CEDAR FAIR, L.P. 2008 OMNIBUS INCENTIVE PLAN LONG-TERM INCENTIVE AWARD AGREEMENT

EX-10.13 2 dex1013.htm 2008 OMNIBUS INCENTIVE PLAN LONG-TERM INCENTIVE AWARD AGREEMENT 2008 Omnibus Incentive Plan Long-Term Incentive Award Agreement

Exhibit 10.13

CEDAR FAIR, L.P. 2008 OMNIBUS INCENTIVE PLAN

LONG-TERM INCENTIVE AWARD AGREEMENT

This Long-Term Incentive Award Agreement (“Agreement”) is made pursuant to the terms and conditions of Article XII of the Cedar Fair, L.P. 2008 Omnibus Incentive Plan (the “Plan”), the provisions of which are incorporated into this Agreement by reference. Capitalized terms used herein shall have the meanings ascribed to them in the Plan, unless indicated otherwise.

 

PARTICIPANT NAME:  

 

PERFORMANCE PERIOD:  

 

PARTICIPANT’S TARGET:  

 

GRANT DATE OF LONG-TERM INCENTIVE AWARD:  

 

FAIR MARKET VALUE OF ONE UNIT:  

 

BASE NUMBER OF PHANTOM UNITS:  

 

EMPLOYMENT REQUIREMENT: Employment with the Company or an Affiliate as specified in Sections 2 and 3 below.

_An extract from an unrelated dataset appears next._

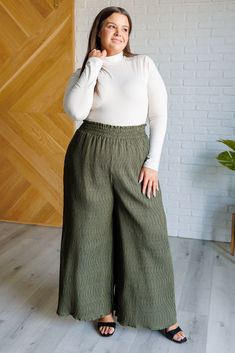 Get ready to make a statement with our Harmony High Rise Wide Leg Pants! Boasting a smocked waistband, textured fabric, and a dramatic wide leg, these iconic pants will make you stand out wherever you go. With a subtle polka dot print, you'll add a touch of glamour to any look. Crinkle Woven High Rise Smocked Elastic Waistband Pockets Wide Leg 100% Polyester True to Size S: Waist 26-30" Hip 46" Rise 13.5" Inseam 27"M: Waist 28-32" Hip 48" Rise 13.5" Inseam 27"L: Waist 30-34" Hip 50" Rise 14" Ins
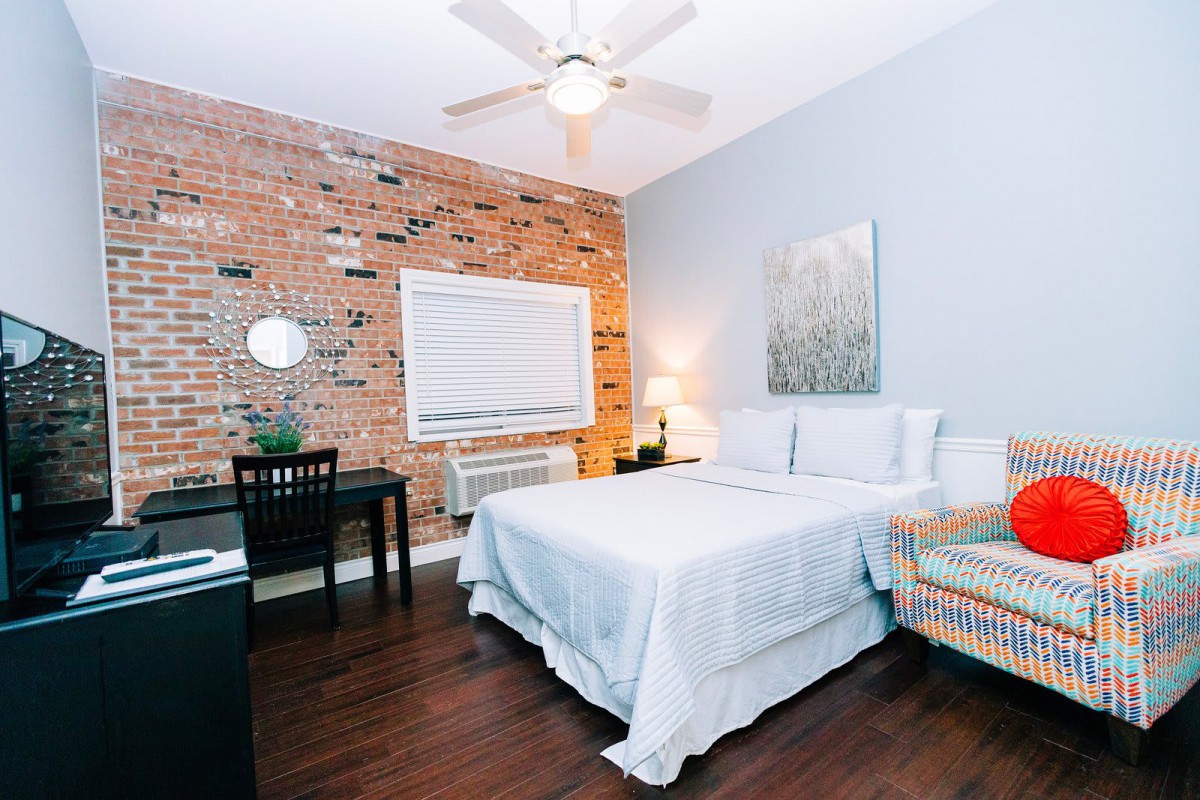 A stylish bedroom with a brick accent wall and modern furnishings.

1. Long-Term Incentive Award In General. Participant’s Long-Term Incentive Award (“Award”) of             Phantom Units for the Performance Period is subject to (i) the attainment of target performance objectives as determined by the Committee based upon the Plan’s scale and as adjusted by the Committee pursuant to the Plan at the end of the Performance Period (ii) Participant’s continued employment by the Company or an Affiliate through the dates of payment, as specified in Section 3 of this Agreement. No Award shall be payable to the Participant if none of the performance measures for the applicable Performance Period are met. A Participant’s Award may be adjusted up or down from the Plan’s scale, in the Committee’s discretion based upon relevant factors, but in no event may any upward adjustment result in an Award in excess of the approved target for the Performance Period, unless the Committee determines (based upon relevant factors) that the percentage of target applicable to the Participant is achieved at a level greater than the target percentage, in which case the Committee may (but is not required to) increase an Award to be not in excess of one hundred fifty percent (150%) of the target.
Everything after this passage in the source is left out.